DATASET RECORDS:
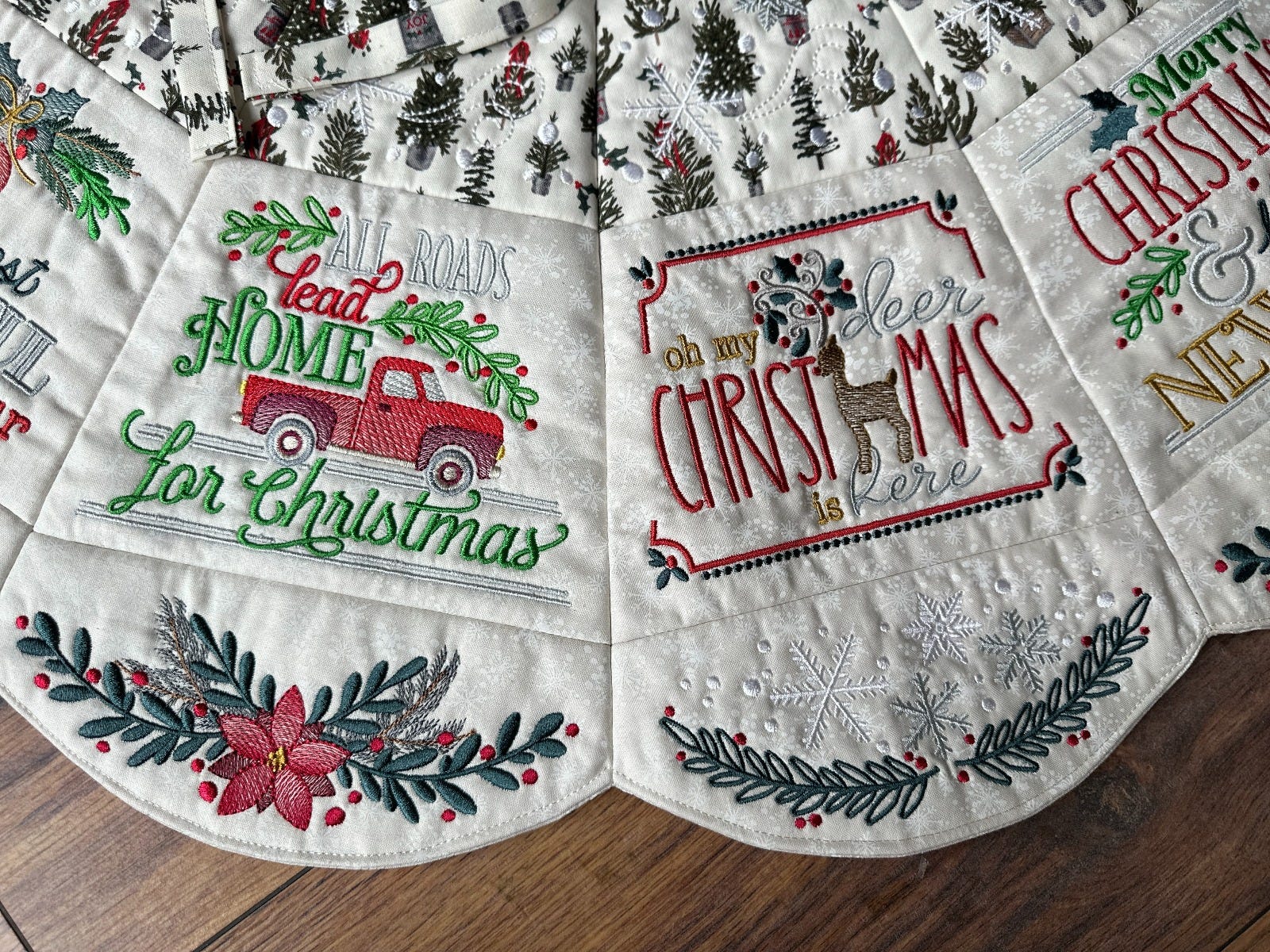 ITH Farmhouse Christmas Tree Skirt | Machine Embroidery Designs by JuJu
--
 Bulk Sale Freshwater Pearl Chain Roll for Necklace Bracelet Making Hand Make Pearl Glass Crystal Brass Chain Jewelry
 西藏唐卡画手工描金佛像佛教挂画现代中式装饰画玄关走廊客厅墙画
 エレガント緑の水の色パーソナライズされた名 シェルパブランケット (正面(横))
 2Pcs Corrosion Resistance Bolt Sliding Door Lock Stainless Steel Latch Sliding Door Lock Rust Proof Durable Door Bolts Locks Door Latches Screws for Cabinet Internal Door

TASK DESCRIPTION:
Using the data above, reproduce exactly the lines between those holding "Bulk Sale Freshwater" and "2Pcs Corrosion Resistance", inclusive, and no others.

RESPONSE FOR THIS EXERCISE:
 Bulk Sale Freshwater Pearl Chain Roll for Necklace Bracelet Making Hand Make Pearl Glass Crystal Brass Chain Jewelry
 西藏唐卡画手工描金佛像佛教挂画现代中式装饰画玄关走廊客厅墙画
 エレガント緑の水の色パーソナライズされた名 シェルパブランケット (正面(横))
 2Pcs Corrosion Resistance Bolt Sliding Door Lock Stainless Steel Latch Sliding Door Lock Rust Proof Durable Door Bolts Locks Door Latches Screws for Cabinet Internal Door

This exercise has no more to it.